Nie zgadzam się, film jest świetny a nietypowa forma zaskakuje widza, wciąga. To, że relacja ojca z synem nie jest pzredstawiona dosłownie, to nie znaczy że płytko! Dużo jest w tym filmie niedopowiedzeń i niezrozumiałych zachowań, ale przez to właśnie film jest ciekawy, daje do myślenia. Nie wydaje mi się, że dobry film to taki w którym widz wszystko ma podane na talerzu. Poza tym wystarczy wsłuchać się w dialogi, które są inteligentne i przewrotne. Reżyser puszcza oko do publiczności, przedstawia historię z przymrużeniem oka. Chce ukazać farsę, która kończy się gorzkim morałem. Myślę, że dlatego też muzyka może się wydawać "niepasująca" - chodzi o uzyskanie wrażenia groteski. O gustach się nie dyskutuje ale myślę że film jest wart tego żeby go obejrzeć i samodzielnie wyrobić sobie opinię.

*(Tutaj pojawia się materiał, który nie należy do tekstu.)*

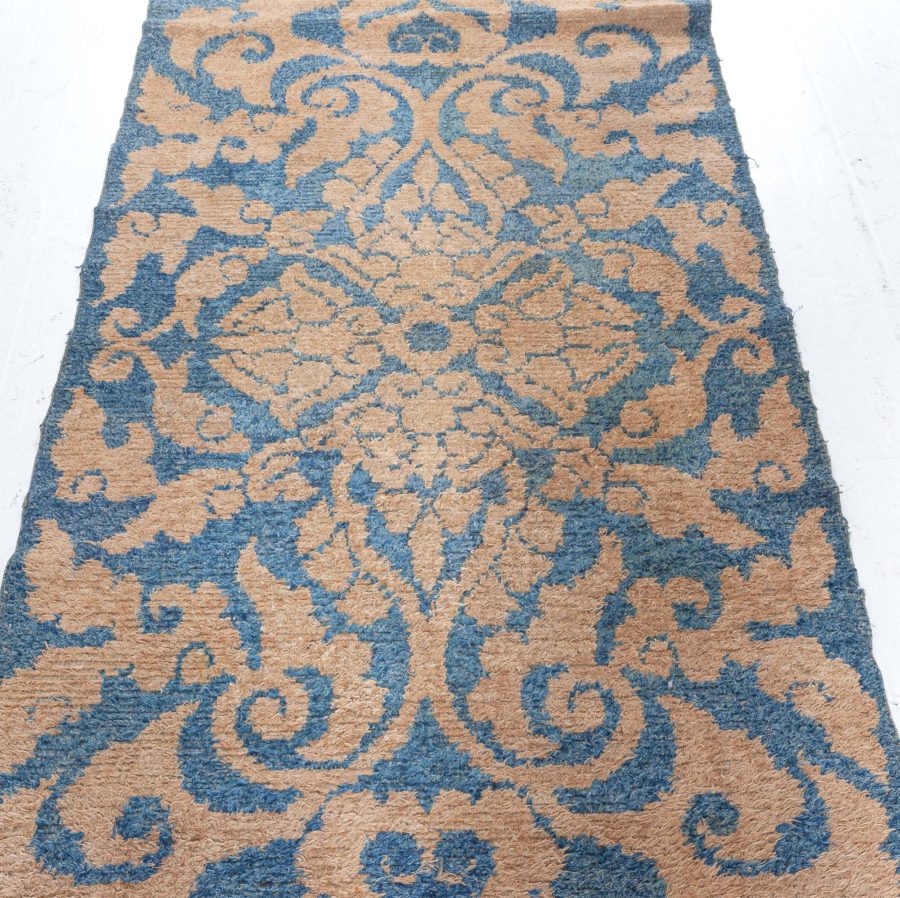 Mid-20th Century Floral Blue and Yellow Chinese Handmade Wool Rug BB5238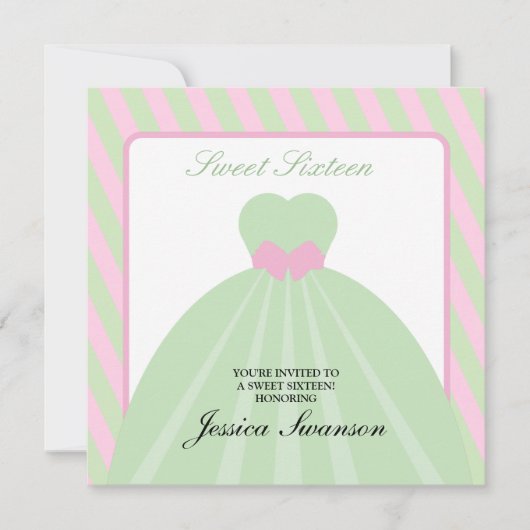 Invitation Pastel Pink & Green Forge Sweet sixteen (Devant)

Zupełnie się nie zgadzam, dla film który można odczytać na wielu poziomach, a do tego jako bonus dostajemy trochę izraelskiej egzotyki i dla uważnego widza mnóstwo smaczków do wychwycenia. O nudzeniu się nie ma mowy.
Muzyka idealnie podkreśla napięcie między ojcem, a synem, chociaż uczciwie muszę powiedzieć, że był fragment w którym zagłuszyła dialog.
Ojciec przedstawiony idealnie, pretensje że ma "jedną i tą samą minę" mają taki sam sens jak zarzuceni Busterowi Keatonowi że miał kamienną twarz.
Oglądając film warto nie nastawiać się, pozostać otwartym na to co autor chce nam powiedzieć, a nie oczekiwać czegoś na swoją miarę, jakakolwiek by ona nie była.
Kropką nad i jest otwarta końcówka filmu.
Dla mnie perełka.
Izraelską egzotykę to ja miałem na "Drzewie cytrynowym". a tutaj po 30 min dałem sobie spokój. Chociaż i tak długo wytrzymałem.
"pozostać otwartym na to co autor chce nam powiedzieć"
A co takiego autor chce nam powiedzieć. Wyłóż jak na talerzu dla niekumatych.
Zgadzam się, ale ocenę 4/10 uważam za przesadnie niską. Już za samą scenę w "małym pokoiku" w ministerstwie, którą uważam za świetną, temu filmowi należy się więcej. Gdyby jeszcze muzyka była lepsza, a rolę ojca zagrał ktoś inny, ten film mógłby być nawet arcydziełem.
9/10 - oczywiście dla Twojego postu.
Reżyserowi stanowczo zabrakło inwencji. Dobiły mnie napisy, bo myślałem, że będzie jeszcze jakiś zwrot akcji na koniec, cokolwiek.